Everyday the media broadcast pictures of war. In the last two days there is not anything else on the TV other than airplanes taking off in order to bomb and people leaving their homes terrified without knowing where they are going. You see images of old people crying and others of little children who hold their mothers tightly without being conscious of what is going on.
It seems that people have not learned anything from the past. History taught in schools has not helped people to avoid the same mistakes. I don't want to share thoughts generally about war with you, but just to share a book I have read and a film I have seen. A book from the past and a film from the present.

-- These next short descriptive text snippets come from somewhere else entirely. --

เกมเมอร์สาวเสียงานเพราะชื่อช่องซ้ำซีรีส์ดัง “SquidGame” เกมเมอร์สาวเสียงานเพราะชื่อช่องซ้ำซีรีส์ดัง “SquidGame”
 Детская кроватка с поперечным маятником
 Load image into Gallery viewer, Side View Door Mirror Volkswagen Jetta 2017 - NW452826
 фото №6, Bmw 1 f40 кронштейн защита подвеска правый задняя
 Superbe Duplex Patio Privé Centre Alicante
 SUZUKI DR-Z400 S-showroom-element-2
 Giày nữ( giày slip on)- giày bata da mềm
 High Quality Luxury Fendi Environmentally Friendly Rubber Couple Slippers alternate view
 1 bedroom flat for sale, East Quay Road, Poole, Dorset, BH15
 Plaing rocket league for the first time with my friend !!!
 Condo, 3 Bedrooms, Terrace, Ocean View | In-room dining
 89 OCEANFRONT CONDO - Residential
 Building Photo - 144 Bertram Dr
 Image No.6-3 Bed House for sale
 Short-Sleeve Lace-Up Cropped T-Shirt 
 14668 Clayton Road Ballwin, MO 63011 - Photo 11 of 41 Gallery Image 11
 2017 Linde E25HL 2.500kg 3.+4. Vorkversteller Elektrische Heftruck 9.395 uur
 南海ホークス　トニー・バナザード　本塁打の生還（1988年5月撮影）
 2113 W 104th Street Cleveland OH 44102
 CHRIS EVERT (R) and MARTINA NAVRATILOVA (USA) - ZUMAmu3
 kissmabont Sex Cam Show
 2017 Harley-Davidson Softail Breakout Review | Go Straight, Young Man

It was last summer during my vacation when I read the "IM WESTEN NICHTS NEUTES" by Remarque Erich Maria. It is a book published in 1929, but it is always fresh since it is one of the excellent antimilitary books. Today and in the future as the threat of the war exists over a terrified mankind and as the longing for universal peace is inside the hearts of the people, this book will be unique in the literature. The hero is a young man who is in the army participating in a war. He has some days off to visit his dying sick mother. So he returns home, but he realizes that everything is different, not because the world has changed, but because he has changed as he has experienced the horror of the war. The way he thinks has changed, his values have changed. He has started wondering about the purpose of so many deaths, about the purpose of so much pain and disaster. When he comes back to the army and as the war continues around him, he is totally convinced that there is not any purpose in all these. Our hero experiences the cruel reality and he dies fighting, and on the day he dies the message that comes to his division is "nothing new from the west front" which means that one death more or one death less does not mean anything to those who make decisions about our future.
I invite all of you to the cinema now. Two weeks ago, I went to watch the "Thin Red Line", an antimilitary film. It is about the fights of Americans to conquer an island in the Pacific Ocean. On their way to the island, the soldiers are afraid of what they are going to face there. They are praying, some are crying, some are skeptical about the purpose of all this. They are landing on the island and starting the fights with Japanese. One of them has the "disadvantage" to think a lot. He is thinking, for example, how this evil can fit in with all the beauty of nature around them. Is it right for them to follow the orders of their official who is thinking that this war is a very good chance for him to be promoted to a higher position? He thinks a lot. He fights, thinks and dies among all the beauty of nature, still wondering.
No matter where and when these scenes take place, no matter who the opponents are, people are always wondering about the purpose of war, about the irrationality of war. They are trying to understand how death can be the way that solves people's arguments.